A distanza di un paio di decenni sulle passerelle maschili si vedono camicie a maniche corte portate aperte su t-shirt a maniche lunghe, le giacche delle tute da ginnastica, loghi giganteschi quanto quelli degli sponsor sportivi e jeans infilati nei tubolari come per i giovani chav londinesi e i gopnik, i post adolescenti della lowerclass russa.
Lo sdoganamento definitivo di questo movimento di stile inconsapevole arriva in gran parte dall’ex oltrecortina e da uno stilista, Gosha Rubchinskiy, nativo di Kaliningrad.
Che il mondo post-sovietico generasse fenomeni di hype stilistico era nell’aria: si tratta di un grande mercato e bacino culturale le cui avanguardie storiche hanno segnato abbondantemente l’immaginario occidentale. Ma si pensava piuttosto, fino a qualche anno fa, a estetiche retrofuturiste e massimaliste che nulla hanno in comune con quanto è effettivamente emerso, un casual estremo e proletario che combinato con i look da strada delle periferie dell’Est assume uno strano fascino esotico.
Gosha Rubchinskiy è sostenuto da Comme des Garçons, per gli aspetti commerciali e distributivi del suo marchio, e in vista dei Mondiali di calcio in Russia del 2018 si è aggiunta una collaborazione con Adidas, giusto per dare un’idea della portata dell’operazione.
Il look da strada, o meglio, quello che in teoria sarebbe un “non look”, è al centro dei desideri mentre fino a poco fa sarebbe sembrato tamarro in contesti appena leggermente più formali rispetto alla corsa al discount per l’acquisto di generi primari.
Quanto è elevato il tasso di scorrettezza culturale nell’ispirazione, o appropriazione che dir si voglia, di questa estetica “di necessità” che diventa l’ultima frontiera del lusso attraverso il filtro degli addetti ai lavori? Perché uno “stile” di abbigliamento tanto negletto è diventato lo stile del momento? La moda è un catalizzatore di tendenze e istanze contemporanee, che, reinterpretate, acquisiscono una propria originalità. Ma tutto quanto arriva dalla strada aggiunge una nota di autenticità, utile al rinnovamento, e di concretezza più facilmente comprensibile ai consumatori rispetto a tendenze maggiormente astratte.

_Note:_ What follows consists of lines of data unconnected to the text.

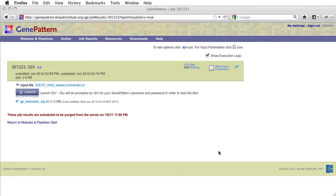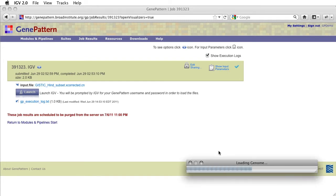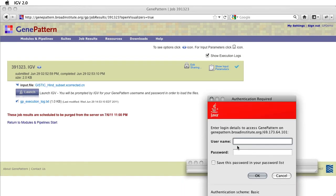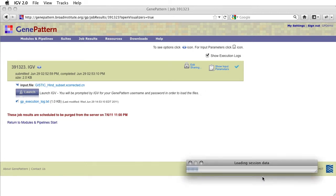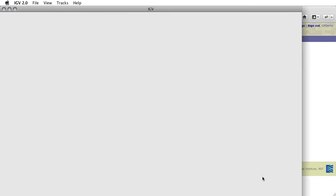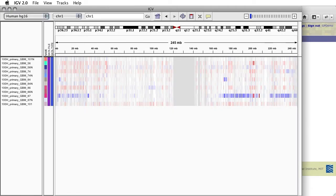As indicated on the job status page, you will now be prompted to provide your username and password so that IGV can access your data on the GenePattern server. You may also choose to save this password so as to avoid having to manually enter it in the future. As we selected, IGV launched with HG16 loaded and by default displays chromosome 1.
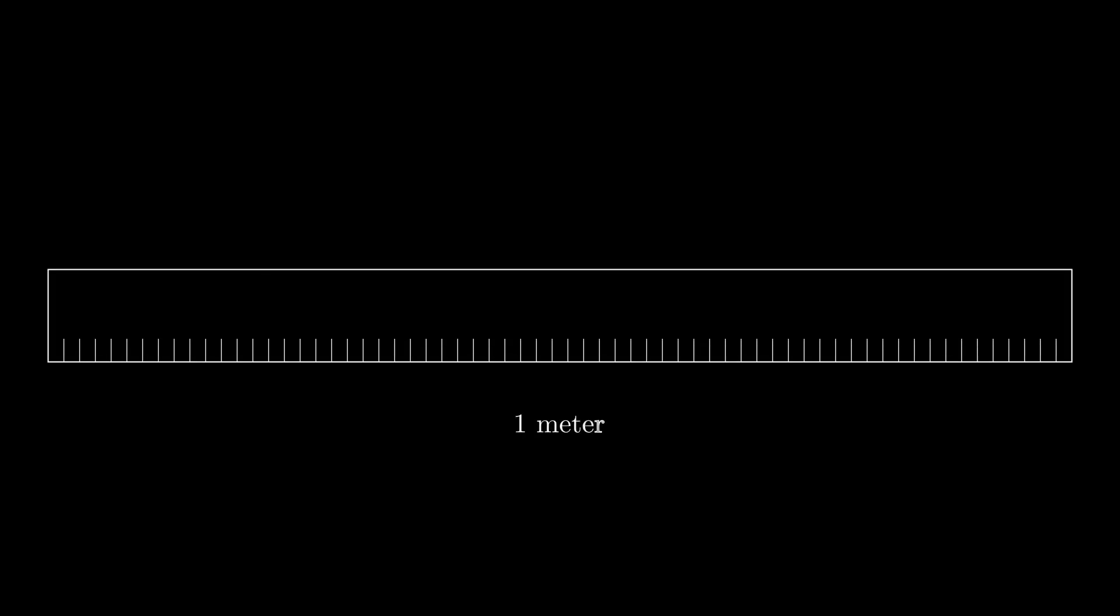Suppose you have a meter stick, that is, a stick whose length is 1 meter.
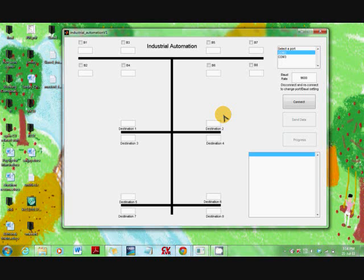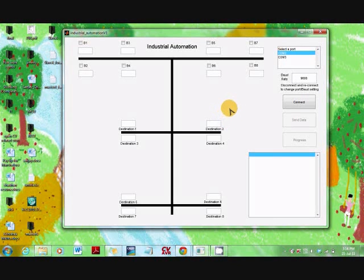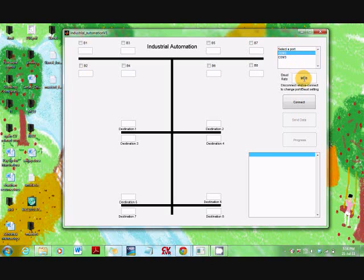First, we have opened the standalone application that we have developed as a GUI to enter the required information regarding blocks. We select the COM port which is connected to the transmitter.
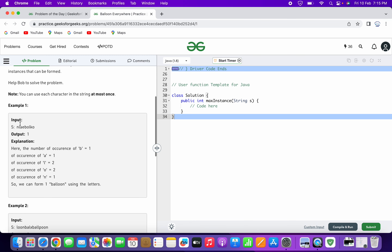So let's go through the first example. The string given contains these characters, and the output is one. If we look at all the occurrences of all the characters, we can see B is occurring one time, A is one time, L is twice, O is also twice, and N is one. So we have got all the characters required to form the word balloon, and from these characters only one instance of the word balloon can be formed. That's why the output is one.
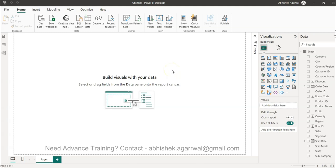Hello and welcome to the new Power Query tutorial video. In this video I will show you how you can remove the duplicate values from Power Query.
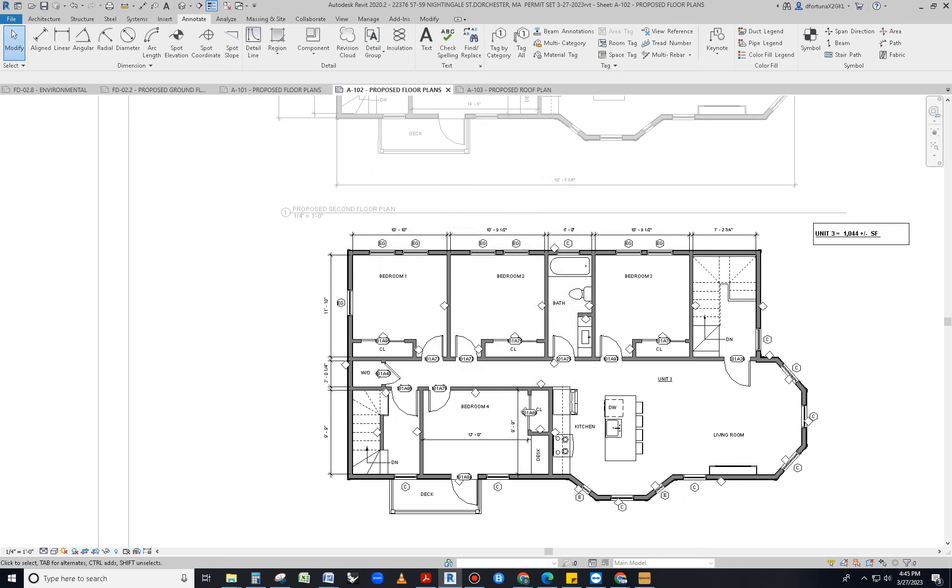Boom. All of your doors, windows, and walls have been tagged at once. Hope this is helpful for everybody. Thank you.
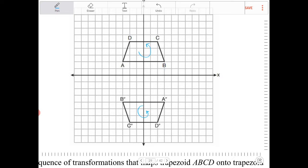So what looks like a reflection is actually supposed to be a rotation, because when you reflect something over an axis, or over a vertical or horizontal line, the orientation will be reversed.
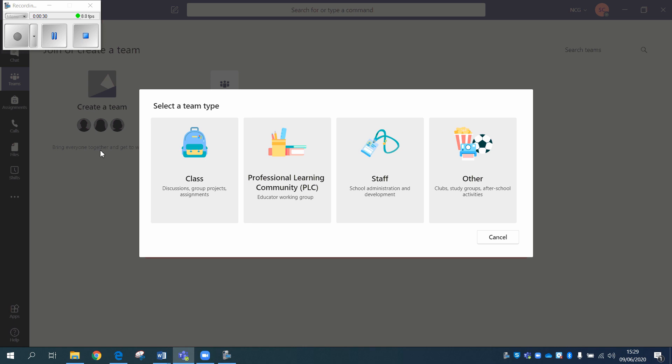The class team has a file in the files section called class materials. Now, anything you put into that file, the students can't amend, they can't change. But for all of the others, people can amend and change it.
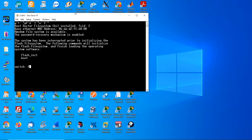Use flash_init to initialize the flash memory.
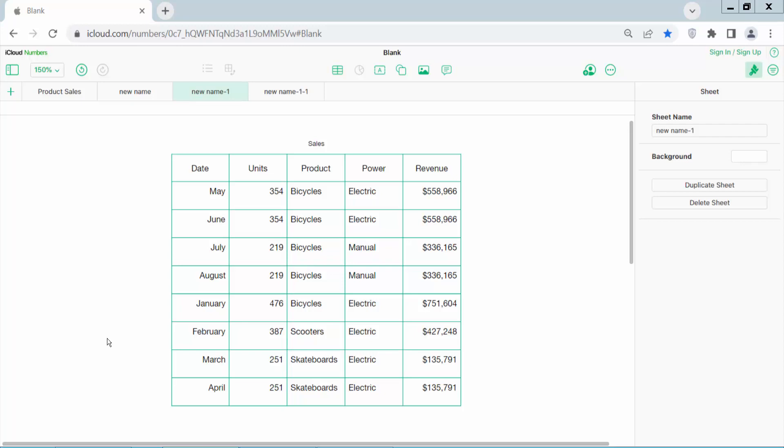Hello everyone. Today I will show you how to merge columns in Apple Numbers sheet. Open your Apple Numbers sheet.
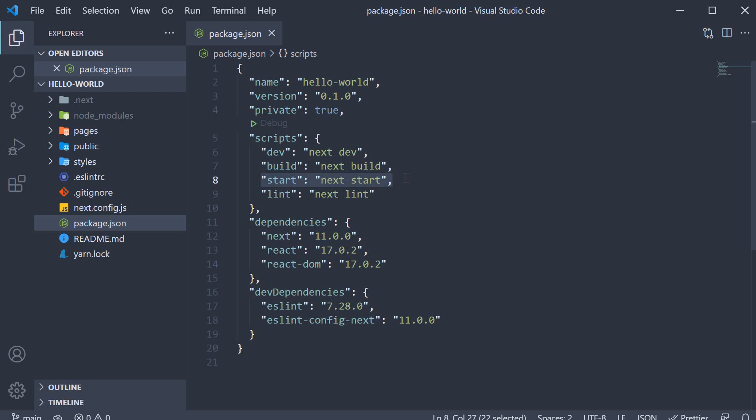You can of course build completely static sites which don't require a server but we will get to that later on in the series. What you have to keep in mind though is that the build script needs to run prior to running the start script.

Tuttavia dietro tutto ciò ci può essere un’implicazione culturale più sottile: l’appropriazione – se la si considera tale – può rappresentare una sorta di gioco per chi, pur non vivendo un reale disagio sociale, attraverso questa rappresentazione di sé acquisisce una sorta di nuova freschezza di immagine.
Ovviamente non si può ridurre tutto il lavoro di progettazione al semplice “sedersi sulla riva del fiume” e aspettare che passi qualcuno con un’idea da carpire, ma in un momento nel quale i designer faticano a imporre stili ed estetiche svincolati dal ricatto della nostalgia, questa incursione si può forse considerare un flirt rigenerante con il proprio opposto. E la sottile ambiguità che intercorre fra “ispirazione” e “appropriazione” non sarà mai del tutto sciolta.